In a brief but spectacular racing career, Stanley beat twenty-two other robot vehicles for the $2 million prize in the Grand Challenge, held in October 2005 on a demanding 132-mile desert course near Las Vegas, Nevada. The goal of the race, sponsored by the Defense Advanced Research Projects Agency (DARPA), was to stimulate invention for a future fleet of driverless military ground vehicles. Congress funded the competition to support its directive that one-third of U.S. military ground vehicles be unmanned by 2015.

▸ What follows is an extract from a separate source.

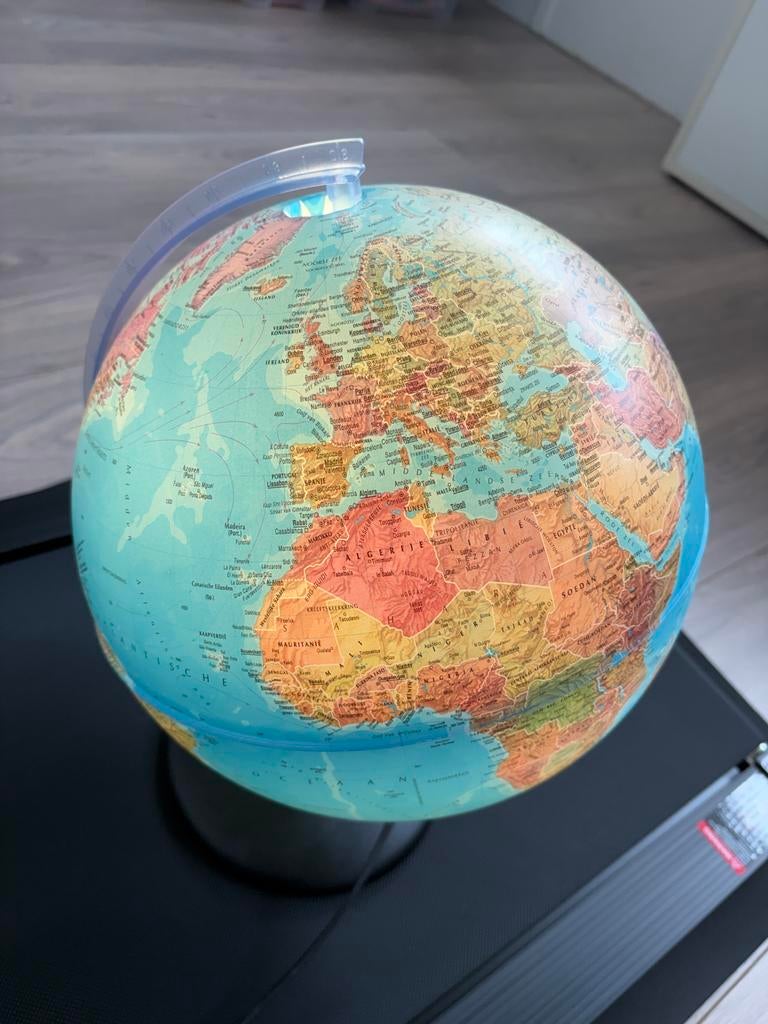 Wereldbol met licht - Educatief en decoratief, Ophalen of Verzenden, Gebruikt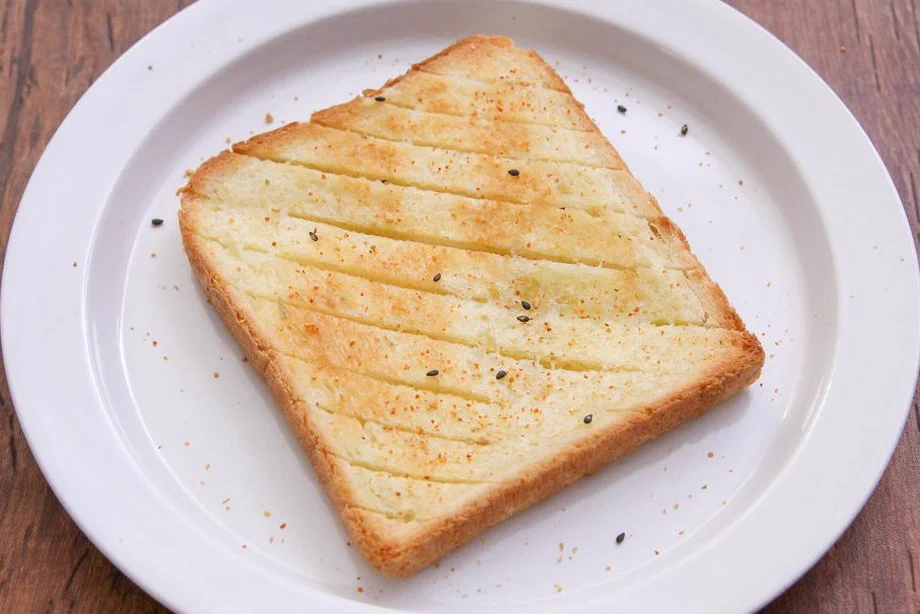 お手軽なのも嬉しい！ペペロンチーノ風の味付けが美味しそうな「トースト」レシピ！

Stanley represents a promising research direction in artificial intelligence, or machine thinking. Through sophisticated programs in onboard computers, the vehicle decides how to navigate mapped terrain and unmapped obstacles in real time. It integrates a course map expressed in about 3,000 points of latitude and longitude, stored memory of past experiences, and new information about the road ahead gathered from roof-mounted laser sensors, video cameras, radar and GPS receivers.

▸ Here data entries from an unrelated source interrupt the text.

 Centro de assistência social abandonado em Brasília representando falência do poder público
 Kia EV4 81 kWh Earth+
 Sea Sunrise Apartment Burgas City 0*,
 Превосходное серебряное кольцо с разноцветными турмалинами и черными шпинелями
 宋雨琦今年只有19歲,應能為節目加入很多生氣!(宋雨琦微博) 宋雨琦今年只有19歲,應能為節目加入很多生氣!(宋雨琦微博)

Behind Stanley’s driverless accomplishment is the work of nearly 100 people at Stanford University and Volkswagen’s Electronics Research Laboratory (ERL), both in Palo Alto, California.
DARPA’s Grand Challenge of 2005 pitted autonomous vehicles against each other and a ten-hour limit on a punishing dirt course with steep cliffs, sharp turns, and countless obstacles. Only Stanley and four other competitors finished the course. The race’s experimental robots—all sponsored by businesses, universities and individuals—emerged from research for military purposes and demonstrated the feasibility of self-navigating vehicles.
Like the impact of integrated circuits, the Internet, and other technologies with strong military connections, the impact of the robot race is likely to be felt in other areas of American life, especially automotive safety.